Oh… that wasn’t made clear in the story which was complicated and full of many different things going on unrelated to that aspect of it.

It made me realize something though (and maybe this was your intent???) … If the culture were dominated by evil then parents are going to do that more often and are less likely to care about whether they are bringing children into a culture dominated by evil.

But since I was not raised in a situation like that… this explains why I hold parenthood to a higher standard… and thus expect God to meet that ideal as well.

I often shock people with the story of my life which filled with such extreme liberalism on the part of my parents. And according to the expectations of many people it seems terrible. But perhaps the fact is that it was a far kinder and more sheltered childhood than most. And while I came to the conclusion my parents were wrong in many things, there was also much to admire in what they did.

1 Like

Even if as a child someone had bad parents, they can still imagine and recognize what a good father would be like, so the Fatherhood of God, the very definition and archetype of a father really, is still a legitimate and useful metaphor.

1 Like

That’s almost exactly what Orthodox catechesis says.

I think you’ve got it backwards. God is omnipresent and omniscience emerges directly from that, so knowing everything is a natural attribute of God. But that doesn’t mean He can’t, as the Old Testament has it, turn aside His gaze, so to speak.
Though thinking of the Old Testament, this perhaps links to the Second Temple Judiasm understanding of dual powers in heaven, the YHWH-Elohim Who is always in Heaven and the YHWH-Adonai Who shows up on Earth in physical form: the former sees and and knows all, while the latter has to investigate things and can be surprised. To us this seems contradictory, but Judaism has never really shared our Western demand for consistency.

Thus the YHWH who comes to Earth. Paul’s kenoticism isn’t really novel on this, he just makes it a bit clearer something that is implied in David’s assertion that “YHWH said to my Adonai”, that there is a YHWH without limitations yet a YHWH with limitations, a YHWH-Elohim and a YHWH-Adonai. The striking element in Paul’s formulation is that YHWH-Adonai in this one case didn’t just take on a temporary human form but actually became human.
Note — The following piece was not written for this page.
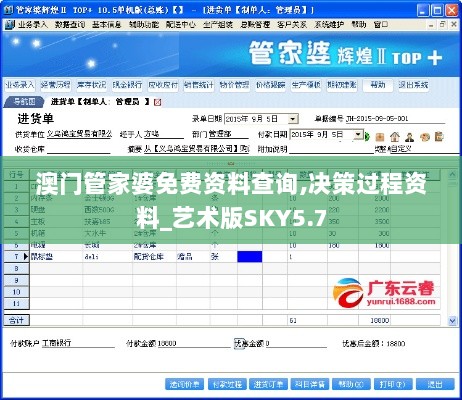 澳门管家婆免费资料查询,决策过程资料_艺术版SKY5.7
If it was a test, it was a test of loyalty because it was a matter of love: when there is no choice, love is meaningless, and so God provided a choice.
A case can be made that the experiential knowledge of good and evil had nothing to do with the tree pe se because it wouldn’t have mattered what the prohibition was, the result was going to be experiential knowledge of good and evil. But trees are naturally symbols of drawing sustenance from properly grown roots, and fruit is a natural symbol of taking something from outside into ourselves, so the tree and fruit worked as visible poetry that would have been lacking if God had instructed “Don’t sit on this boulder” or “Don’t pick up red pebbles”. Thus in a sense the designation of a certain individual tree was arbitrary since in itself it was just an ordinary tree.
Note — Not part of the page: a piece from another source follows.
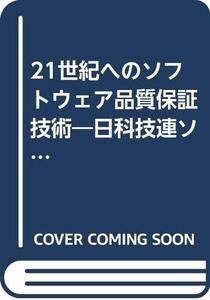 【中古】 21世紀へのソフトウェア品質保証技術 日科技連ソフトウェア品質管理研究会10年の成果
Why should there be a difference?

That’s not terribly good geology – earthquakes and volcanoes are really phenomena of the surface layers of the planet; the core is only involved because of heat flow moving upwards.

Doesn’t surprise me. Although my understanding comes from the Bible (according to my reading of it) and not from any church, I have found it to align with the Eastern Orthodox on many issues. And I think the Eastern Orthodox is the closest to the earliest churches – the most conservative and unchanged form of Christianity, still ruled by ecumenical councils. Doesn’t mean I think this is the best, however, because as I have said before I don’t equate the oldest and most unchanged with being the most correct. That is frankly the attitude I would equate with Jesus/God is dead and thus we need to recover His message from the past.

I don’t agree with either. A new heaven and new earth means a transformation of both the spiritual and the physical. But the physical remains the womb of life for the raising of new children and spiritual is the place for the spiritual body of the resurrection. The resurrected Jesus did not remain on the Earth, because that is not the correct place for the spiritual body.

My view of heaven is mostly encapsulated in the phrase “eternal life” and it means no end to what God has to give to us and no end to what we can receive from Him. It is an eternal existence along with what makes an eternal existence worthwhile – endless vistas of exploration, learning, and becoming.

But I don’t expect the immediate experience of heaven to be idyllic or comfortable. On the contrary I expect hell to be the more comfortable choice where you can keep your sins – as they devour and destroy everything of value within you. In heaven they must be cut out and everything I see in life tells me this is anything but painless, quick, and easy.